CANBERRA, Feb. 10 (PNA/Xinhua) — An international team of scientists produced global maps showing how fast and in which direction local climates have shifted, one of this group’s participants Commonwealth of Scientific and Industrial Research Organization (CSIRO) of Australia announced Monday.
CSIRO and other team members revealed the maps in research published Monday in the journal ‘Nature.’
This new study points to a simpler way of looking at climatic changes and their likely effects on biodiversity.
As climate change unfolds over the next century, plants and animals will need to adapt or shift locations to track their ideal climate.
“The maps show areas where plants and animals may struggle to find a new home in a changing climate and provide crucial information for targeting conservation efforts,” said CSIRO’s Dr. Elvira Poloczanska.
The study analyzed 50 years of sea surface and land temperature data (1960-2009) and investigated two future scenarios for marine environments: ‘business as usual’ and a 1.75°C temperature increase.
The maps show where new thermal environments are being generated and where existing environments may disappear.
“The maps show us how fast and in which direction temperatures are shifting and where climate migrants following them may hit barriers such as coastlines. Our work shows that climate migration is far more complex than a simple shift towards the poles,” said Kristen Williams, ecological geographer with the project.

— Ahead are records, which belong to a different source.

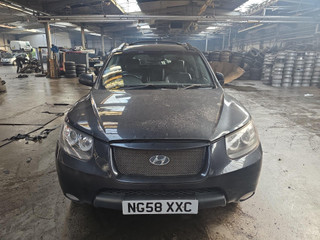 Hyundai Santa Fe 2  (CM) рест. CM 2009
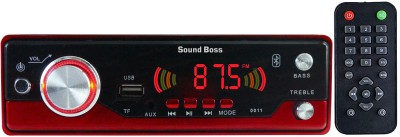 Sound Boss SB-0011 BLUETOOTH/USB/SD/AUX/FM/MP3 Car Stereo(Single Din)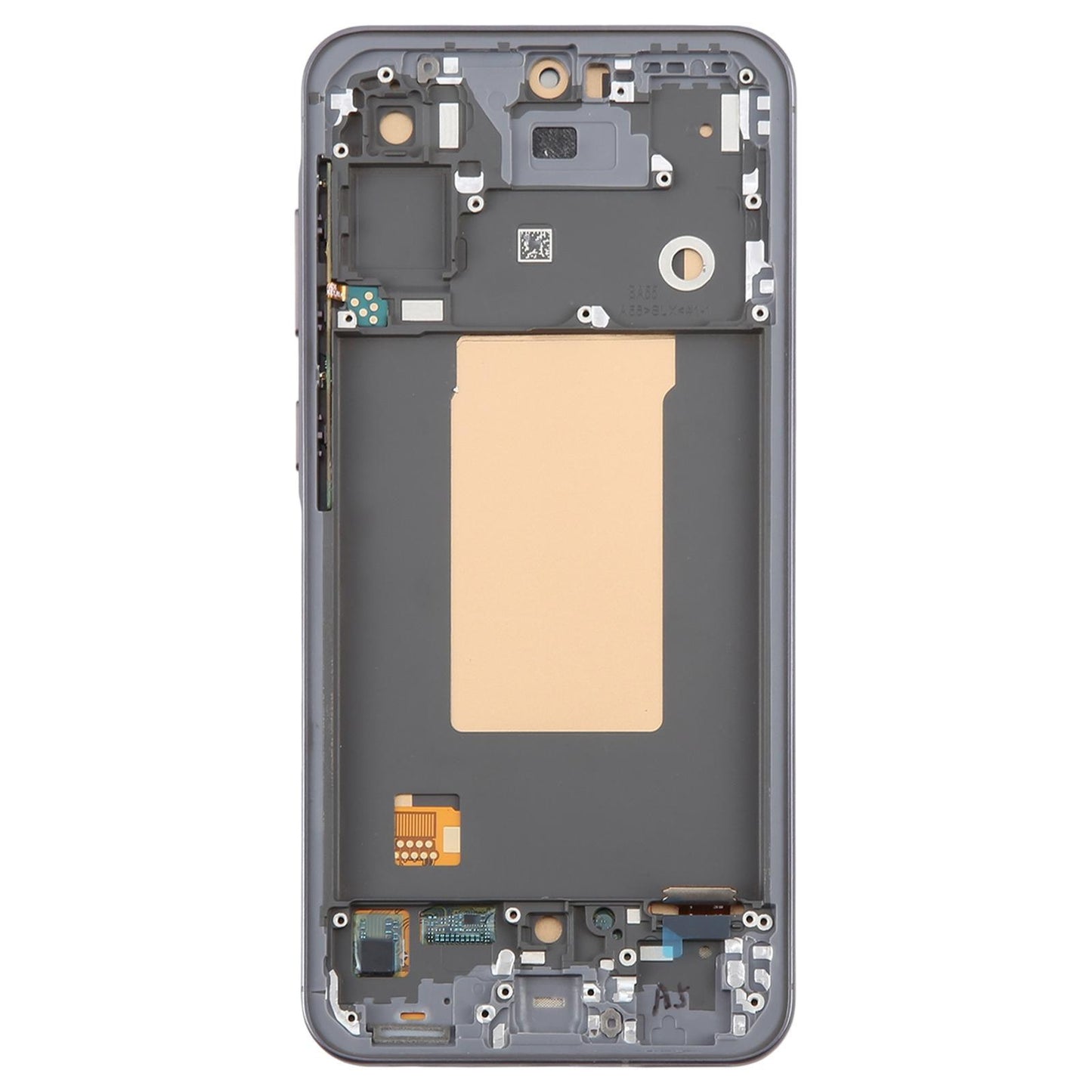 Display unit TFT voor Samsung Galaxy A56 SM-A566B (zwart)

“Across Australia, species are already experiencing warmer temperatures. In terrestrial habitats, species have started to seek relief by moving to higher elevations or further south. However, some species of animals and plants cannot move large distances and some not at all.”
Species’ migration can have important consequences for local biodiversity.
For example, the dry, flat continental interior of Australia is a hot, arid region where species already exist close to the margin of their thermal tolerances.
Some species driven south from monsoonal northern Australia in the hope of cooler habitats may perish in that environment.
“In the oceans, warming waters and strengthening of the East Australian Current mobilized the long-spined sea urchin, previously found only as far south as southern New South Wales, to invade the eastern Tasmanian coast. This resulted in decline of giant kelp forests with knock-on effects for commercially-fished rock lobsters,” Poloczanska said.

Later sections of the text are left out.